«Si on ne bloque rien, on ne nous entend pas»: des milliers de personnes sont descendues mardi dans la rue en France pour réclamer des hausses des salaires face à l'inflation et protester contre les réquisitions de grévistes dans les raffineries.
Près de 150 points de rassemblement étaient prévus dans le pays, selon la CGT, organisatrice de cette journée de «mobilisation et grève» interprofessionnelle, avec plusieurs autres syndicats et organisations de jeunesse.
A Paris, le cortège fort de plusieurs milliers de personnes s'est élancé en début d'après-midi derrière une banderole appelant à des augmentations et au «respect du droit de grève». De nombreux secteurs ont lancé des appels: fonction publique, énergie, transports publics, routiers, agroalimentaire, commerce, etc.
Dans l'industrie pétrolière d'où est parti le conflit qui perturbe fortement depuis près de deux semaines la distribution de carburant, la grève se poursuivait mardi chez TotalEnergies, dans les équipes de raffinage et/ou de dépôt de carburants.
Peu de problèmes pour le trafic SNCF
Elle était modérément suivie dans les transports en commun parisien (RATP), avec un trafic des métros quasi normal, mais celui des bus perturbés.
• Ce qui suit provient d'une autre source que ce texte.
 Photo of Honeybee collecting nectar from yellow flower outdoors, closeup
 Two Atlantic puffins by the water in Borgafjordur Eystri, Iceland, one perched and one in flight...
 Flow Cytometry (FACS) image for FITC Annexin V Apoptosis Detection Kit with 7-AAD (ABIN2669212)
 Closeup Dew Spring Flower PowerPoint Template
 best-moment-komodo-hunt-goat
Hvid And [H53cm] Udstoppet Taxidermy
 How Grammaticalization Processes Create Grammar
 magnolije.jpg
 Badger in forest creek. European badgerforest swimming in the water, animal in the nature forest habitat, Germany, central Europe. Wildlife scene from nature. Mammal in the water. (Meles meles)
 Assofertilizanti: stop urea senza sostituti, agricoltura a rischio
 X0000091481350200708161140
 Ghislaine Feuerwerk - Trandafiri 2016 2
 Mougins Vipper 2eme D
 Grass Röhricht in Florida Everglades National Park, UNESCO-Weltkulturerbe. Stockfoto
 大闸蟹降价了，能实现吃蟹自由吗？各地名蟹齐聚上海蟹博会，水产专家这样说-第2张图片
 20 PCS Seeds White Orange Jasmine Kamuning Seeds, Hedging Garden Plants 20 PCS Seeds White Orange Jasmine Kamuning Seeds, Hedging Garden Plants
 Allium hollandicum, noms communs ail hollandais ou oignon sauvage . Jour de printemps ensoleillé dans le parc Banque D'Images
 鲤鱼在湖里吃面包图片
Du côté des trains de la SNCF, il n'y avait pas de problèmes majeurs sur le réseau, malgré des perturbations en région parisienne et un train régional sur deux.
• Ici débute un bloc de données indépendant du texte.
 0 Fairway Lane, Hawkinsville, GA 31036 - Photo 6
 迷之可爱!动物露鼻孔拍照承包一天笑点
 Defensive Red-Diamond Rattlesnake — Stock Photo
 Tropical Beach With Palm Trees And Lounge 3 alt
«Globalement ça a été calme», estimait de son côté un agent d'encadrement qui gère les flux de passagers. «On a connu des situations difficiles, mais ça a été».
Réquisitions dénoncées
Outre l'"augmentation des salaires», le mouvement vise à dénoncer les réquisitions de grévistes mises en oeuvre par le gouvernement pour faciliter la distribution de carburant. Lundi, l'exécutif en a lancé de nouvelles sur les dépôts TotalEnergies de Mardyck (nord), déjà réquisitionné en fin de semaine dernière, et de Feyzin (sud-est).
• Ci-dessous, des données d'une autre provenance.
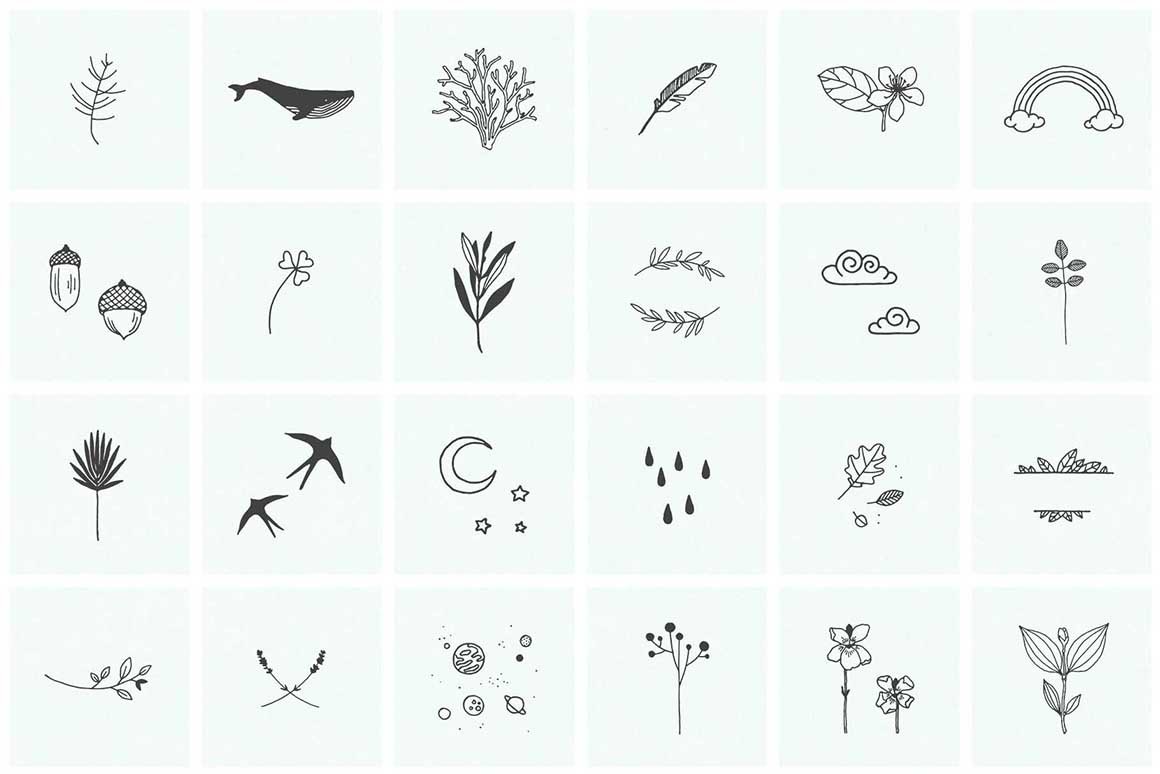 150 Hand Drawn Elements Nature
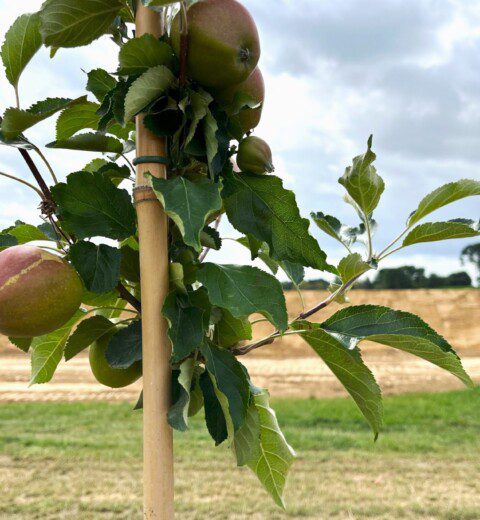 Water basin for apple orchards, Belgium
«Il y aura des réquisitions autant que nécessaire», a prévenu mardi le porte-parole du gouvernement, Olivier Véran. «Chaque fois que ces réquisitions ont été attaquées, nous avons gagné en justice les référés (procédures en urgence, ndlr) parce que les juges ont considéré que c'était des réquisitions qui étaient proportionnées», a souligné le ministre de la Transition écologique, Christophe Béchu.
Le situation sur le terrain s'est améliorée de manière «sensible», avec désormais moins près d'un quart des stations-service perturbées en France, au lieu de 30% le week-end dernier, a annoncé la Première ministre Elisabeth Borne.
«Problème de salaire»
Le gouvernement veut aussi se montrer à l'écoute des Français affectés par l'inflation. Le ministre de l'Intérieur, Gérald Darmanin, a estimé mardi qu'il y avait «un problème de salaires» en France et appelé une «partie du patronat à augmenter les salaires quand c'est possible».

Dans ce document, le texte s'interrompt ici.